5-23-07 Hi Guys!!!!!

So sorry for my delinquency with the updates. We have been so busy with everything in our lives. Today brother Chad graduated from the Monmouth County Police Academy. He starts in Manasquan Friday night from 9pm-4am. What a great shift to have as your first day as a cop. Memorial Day weekend in a rocking beach town. . Luke is doing fine. His energy level is high and his spirits are higher. The kid amazes me every day. Although we have had several breakdowns over the past few days, all and all he is happy and strong. Tomorrow we go to the Valerie for our start of our new treatment. Hope all goes well and Luke does not get upset. Thanks for all of your prayers. ED

Luke's mohawk from when he got out of the pool!

May 27, 2007

Hello Everyone

Wow, what a beautiful Memorial Day weekend. We could'nt of asked for better weather. Well Luke's steroids have officially kicked in, he is moodier then ever. He had his biggest upset yesterday, he cryed for almost two and a half hours, until he fell asleep. It seems nothing these days are quite good enough for him. Good thing for all of us, his last dose is Tuesday night. He is also starting to get very annoyed by having to take medicine several times a day, he says to me (not again more medicine). Well we still have 2 years and 10 months of this, lets hope it goes by quickly. We are all just trying to make him happy, but quite frankly it's getting exhausting. Have a great weekend

May 29, 2007

Well things around here have been a little rocky, Luke's mood swings are in rare form. All I can say is steriods are VERY EVIL. We have been up for our second night in a row with no sleep, he starts off going to bed at 7:30pm because he is so tired, and needless to say, by 9 he is up roaming everyones bedroom to find a comfortable place, at one point he took up the bathroom floor mat as his sleeping quarters. He is having alot of stomach pain, and is just soooo restless. This situation is also effecting Eddie and Sarah, they too are being kept up at night. So this morning was a little difficult for us all. Lets hope tonight we can all get some much needed SLEEP.....Have a great day!!!!!!

May 30, 2007

Well so much for needed rest last night. Last night was even worse then the two nights before. Luke wanted to go to bed at 6:00pm, which he then awoke at 7:00 screaming that his belly hurt, then after that, he had leg cramps from his knees down to his toes. The cramps, we are told are a side effect from the Vincristine (chemo) and the steroids. They hurt him so much. All he wanted was to lay on our bedroom floor, and for Ed to massage his legs. So there was Ed on the floor for six hours rubbing Luke's legs (what a great Dad). It is so hard watching Luke go though so much discomfort. He was crying "help me my legs hurt, give me medicine" that's a switch.
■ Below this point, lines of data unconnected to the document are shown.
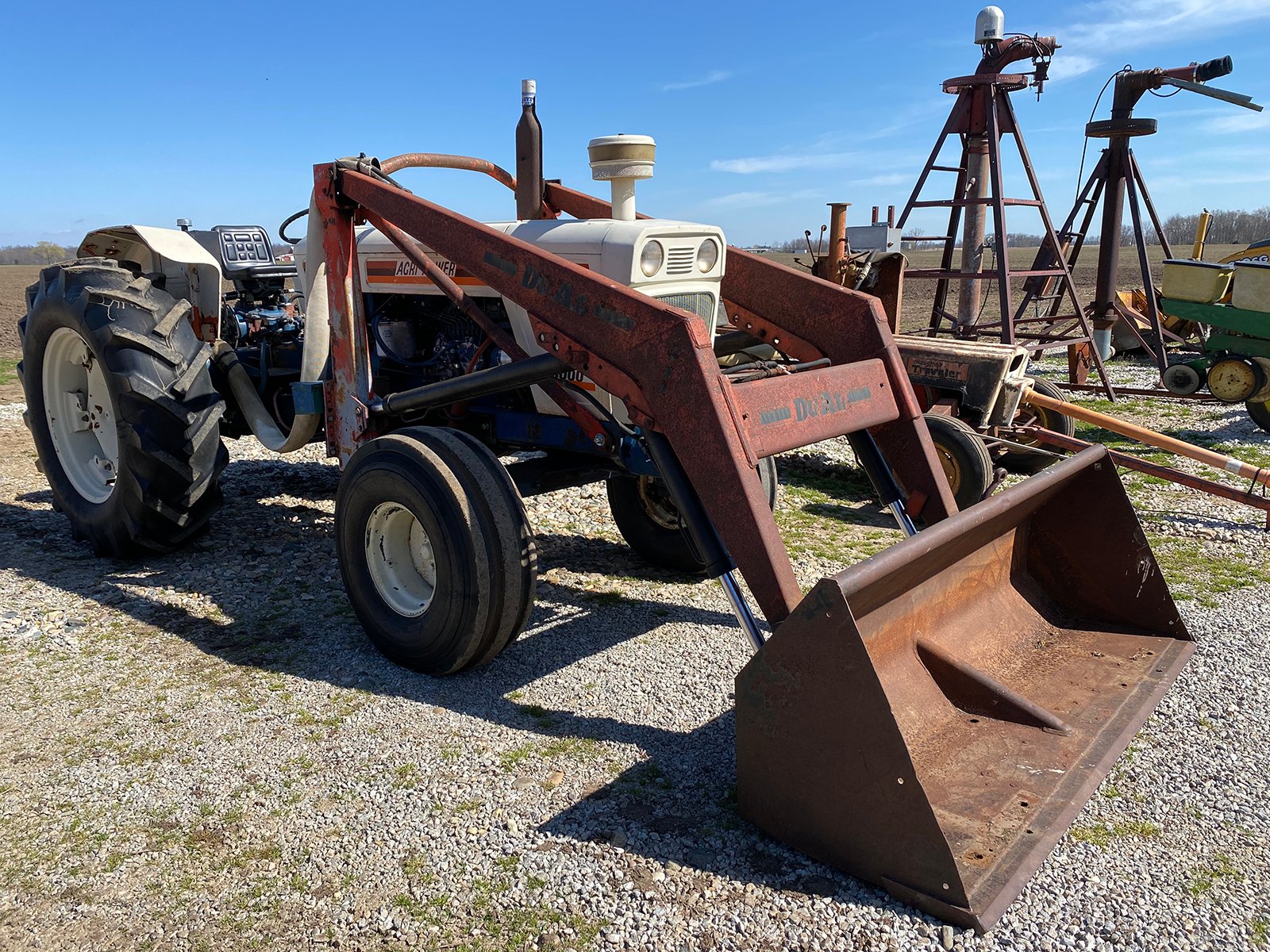 Property photo 85 - VIRTUAL SPRING EQUIPMENT CONSIGNMENT AUCTION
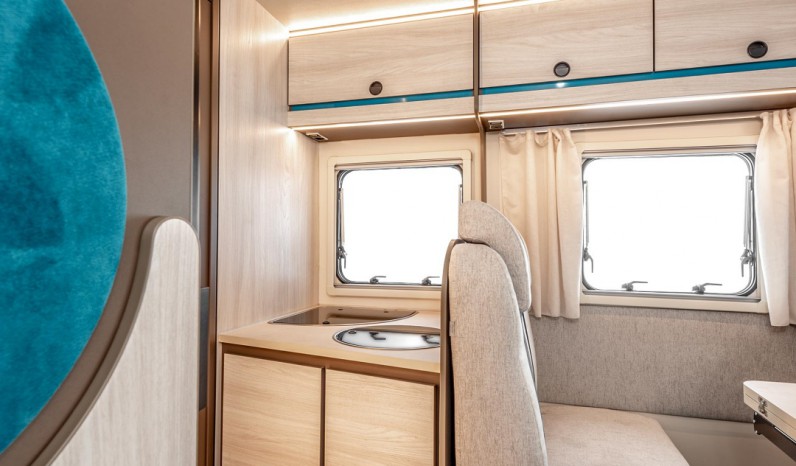 RIMOR KILIG 695 full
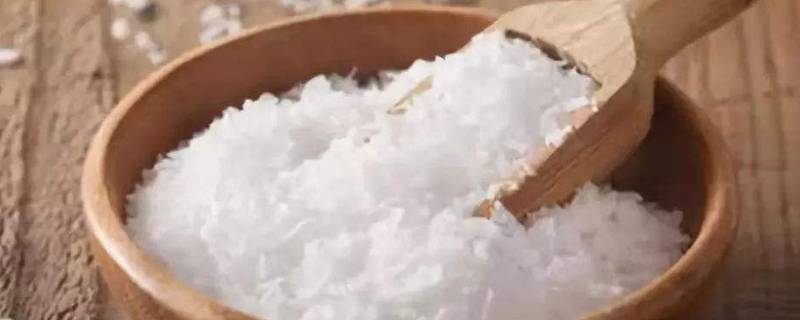 苏打和碱是一样的作用吗（食用碱和小苏打的作用是一样的吗）
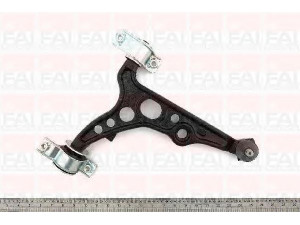 FAI AutoParts SS246 vikšro valdymo svirtis 
 Ašies montavimas/vairavimo mechanizmas/ratai -> Valdymo svirtis/pasukamosios svirties sujungimas -> Vairo trauklės (valdymo svirtis, išilginis balansyras, diago
46407373, 4647373, 7601062, 93501181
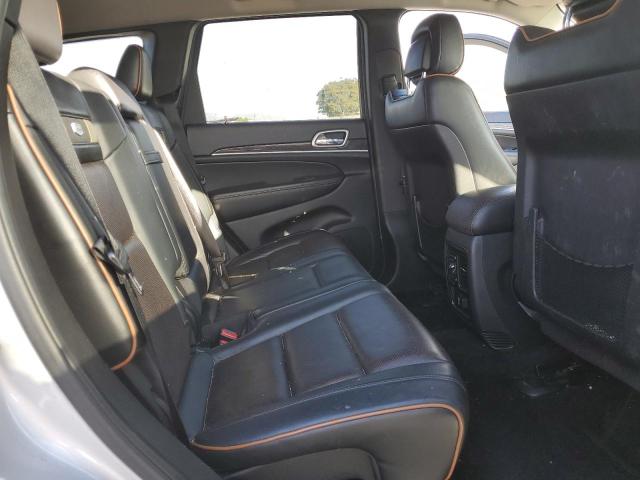 2011 JEEP GRAND CHER #3305650725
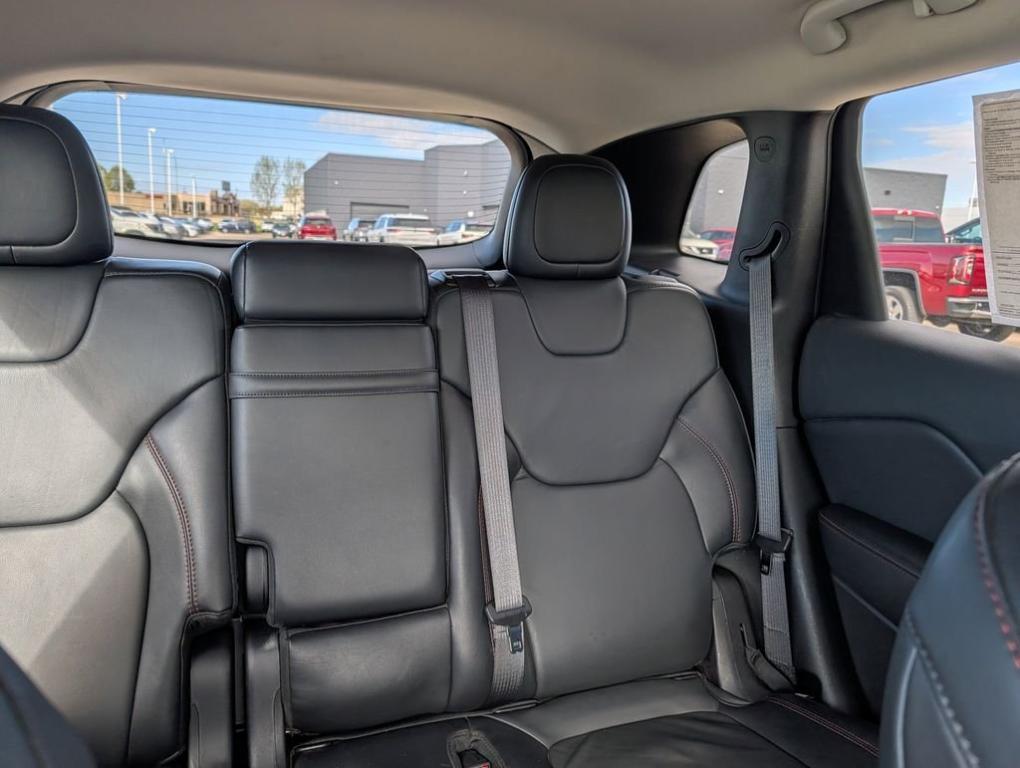 used 2015 Jeep Cherokee car, priced at $14,700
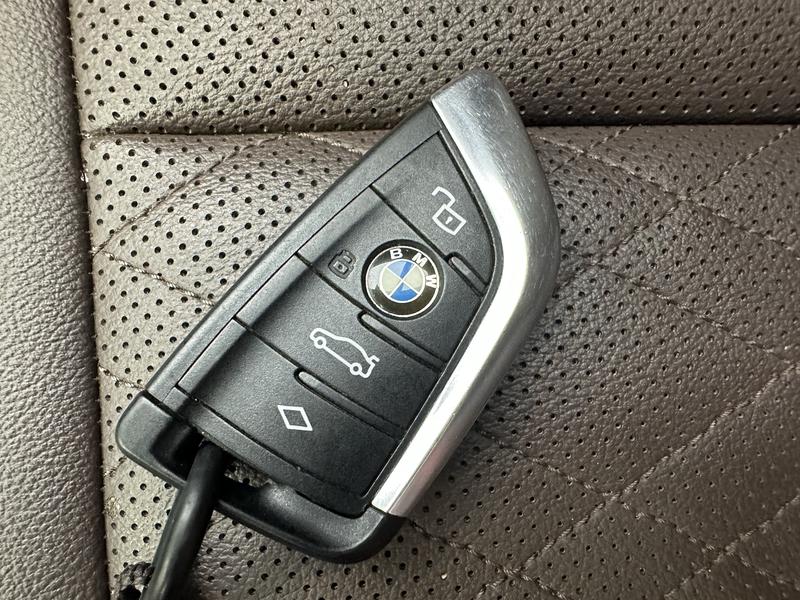 BMW BMW i3 2023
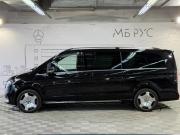 Mercedes-Benz V-Класс III (W447) Рестайлинг 2 Москва  - изображение 36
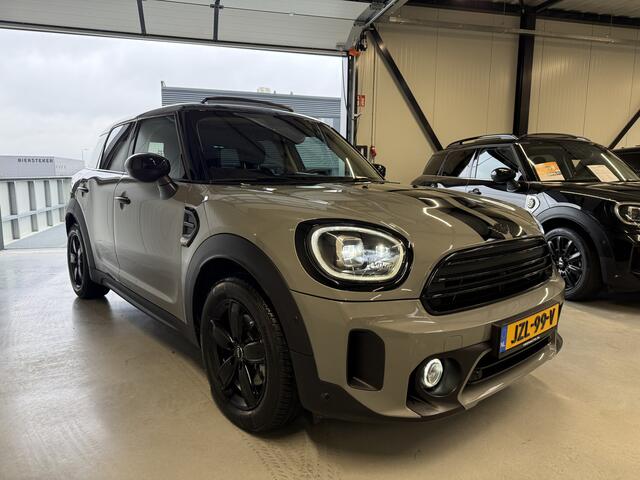Mini COUNTRYMAN 1.5 Cooper Pano/H&K/Camera/Leder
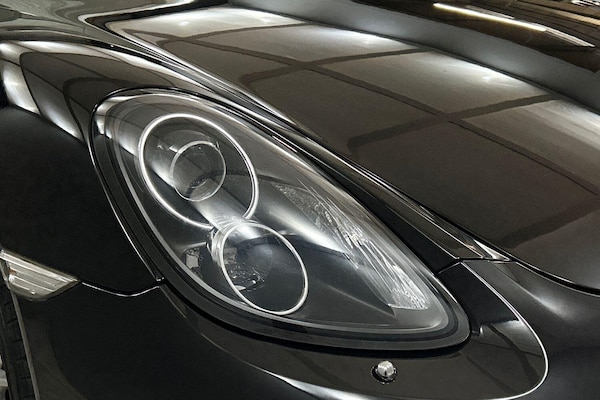 Used Porsche Boxster 2013 for sale - 75519180: Photo 18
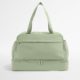 This New Weekender Bag Reminds Me of the $5000 It Bag Everyone Wants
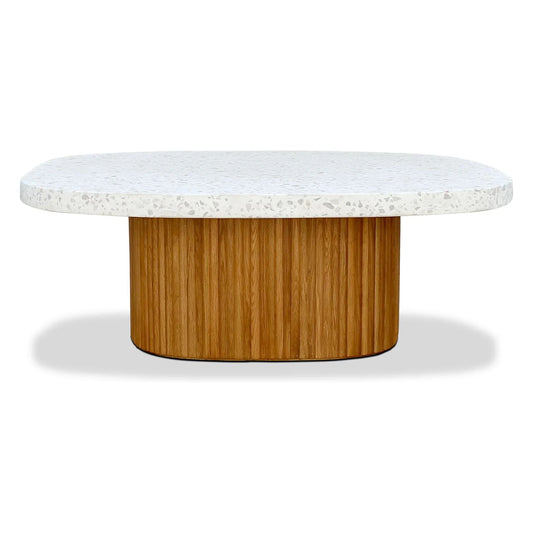 TERRAZZO Cafe Table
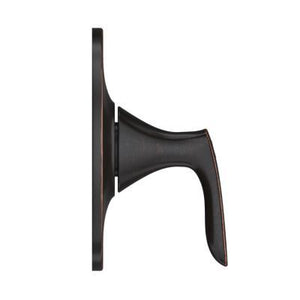 Pfister Tuscan Bronze Weller Valve, Trim Only R89-1WRY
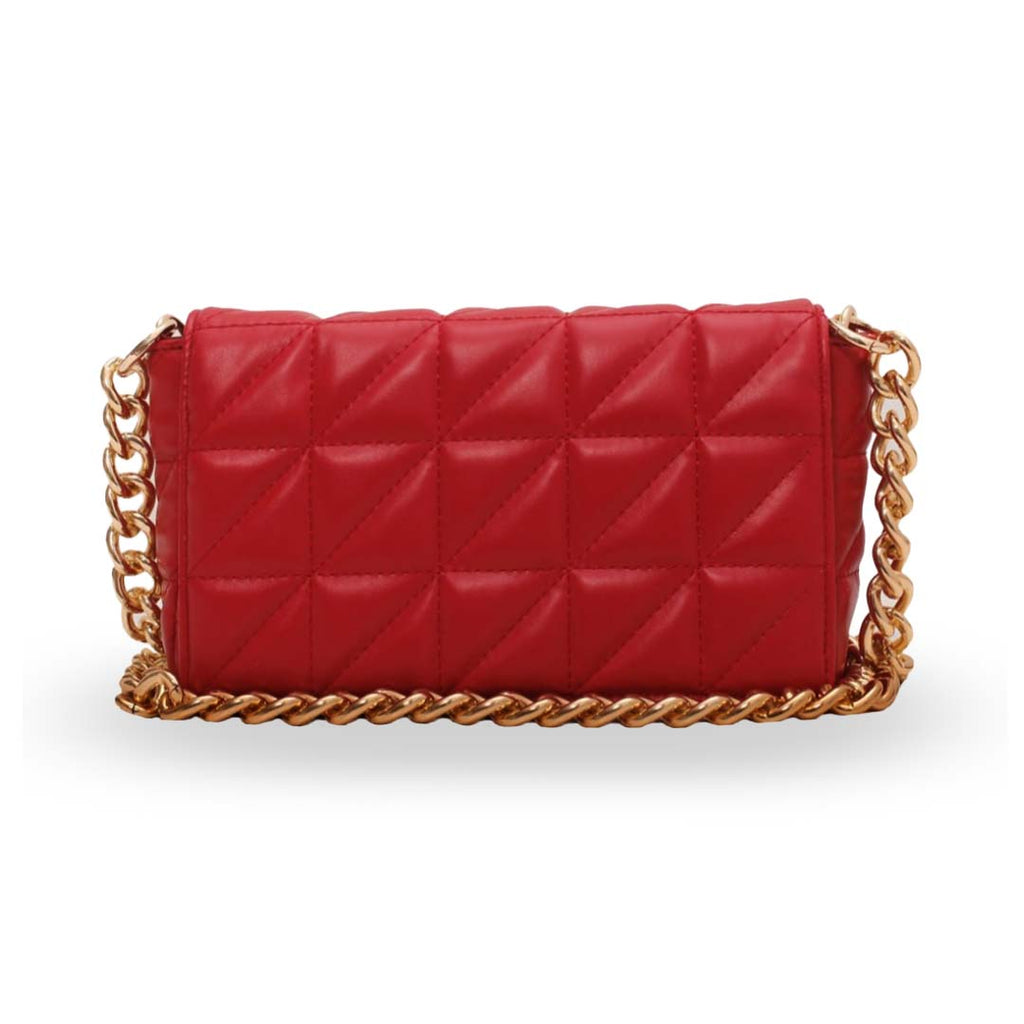 La Pochette à Bandoulière pour Femme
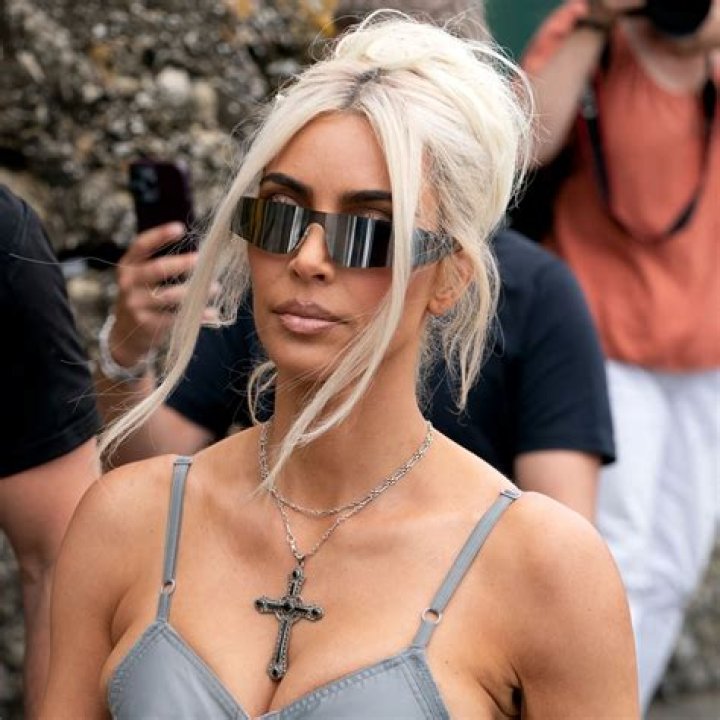 Kim Kardashian’s Hair Pro Chris Appleton on Going Platinum: Tips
We brought him up to MMC this morning, and were told to give valium another try, this time a little stronger dose. Luke needs to get some rest. We then found out his blood counts are dropping, which means his ANC (immune system) is getting lower. Normal ANC is between 2,000-6,000 and his is 1,200. When he was first diagnosed his ANC was 800, so it is dropping again. Now we have to be careful around crowds and where we bring him. His Hemoglobin has also dropped, normal is 12-16 grams, his is at 8.8. So we were told to stop giving him his oral chemo, until his counts get higher again. He is due for legs shots on Wednesday, that he can have no matter how low his counts drop. Let's hope the valium works, he needs his rest.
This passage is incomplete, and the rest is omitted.